Propos recueillis le 22 février 2012.
En mon nom personnel et au nom de l’association que je représente, je vous remercie de vous joindre à la commémoration de la mort de Max Jacob arrêté le 24 février 1944 à son domicile, mort sur le chemin de la déportation le 5 mars suivant au camp de Drancy. Notre association est née dans l’émotion du retour de sa dépouille en 1949 à Saint-Benoît-sur-Loire où il souhaitait reposer.

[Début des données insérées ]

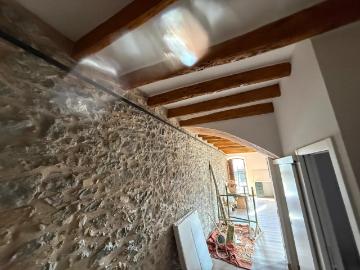 Casa en venta en Centelles. Casa Reformada en Centelles con posibilidad de construir dos casas más. Casas.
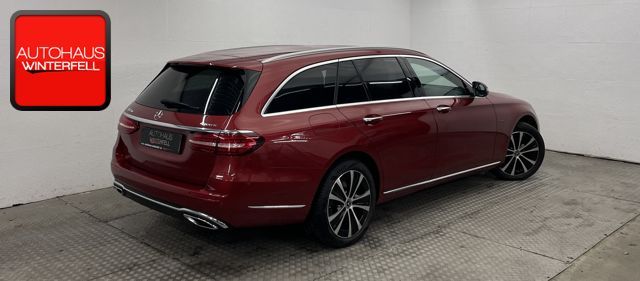 Mercedes-Benz E 300 2021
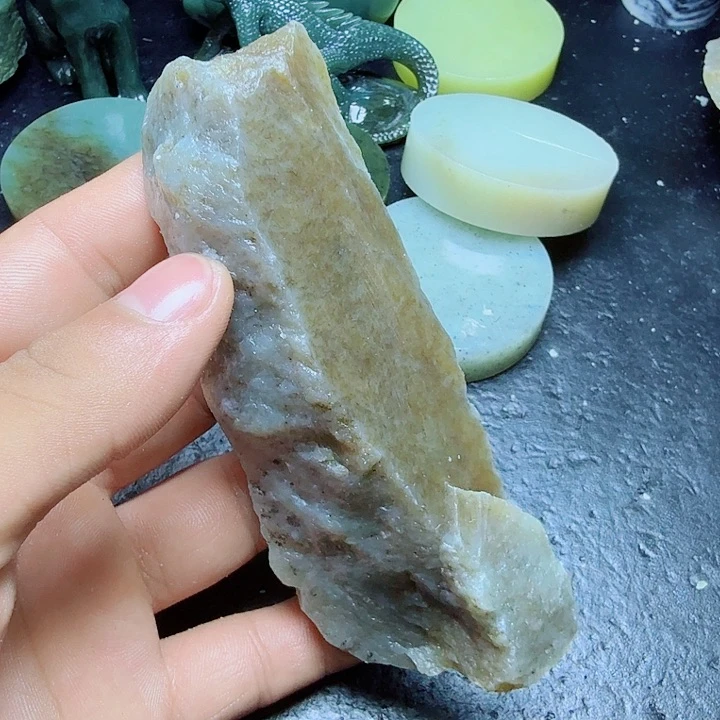 和田玉（糖玉）未镶嵌珠宝奇石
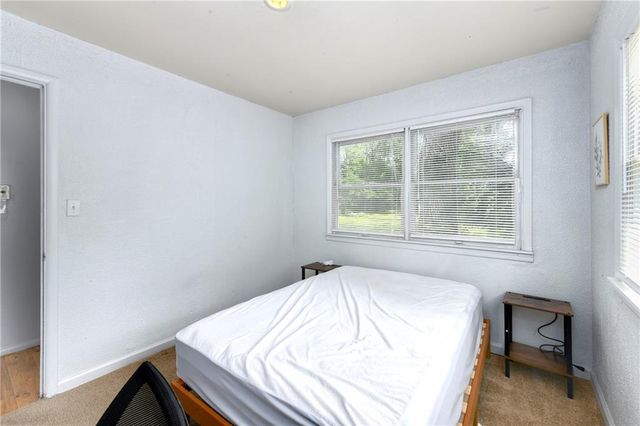 10719 CAMBRIDGE Avenue, Kansas City, MO 64134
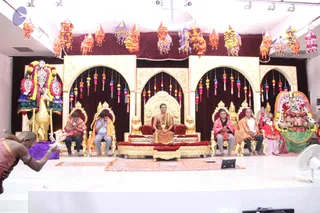 05-Deity-Arati_Photo_1011_IMG_4967_CMP_WM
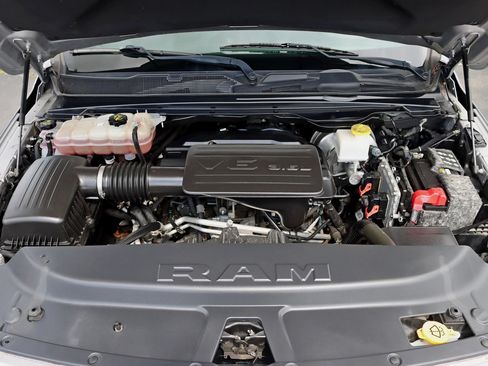 Used 2019 RAM 1500 Laramie w/ Sport Appearance Package AWD/4WD image 40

Chaque année un hommage à sa mémoire lui est rendu tout comme à Drancy et Quimper. Notre association a pour mission de mieux faire connaître son oeuvre et de lui rendre hommage. Nous vous remercions d’y contribuer.
Patricia Sustrac, présidente de l’association des Amis de Max Jacob
site internet: http://www.max-jacob.com et cahiersmaxjacob.org
Le 22 février 1942, c’est le jour où Stefan Sweig s’est suicidé en 1942.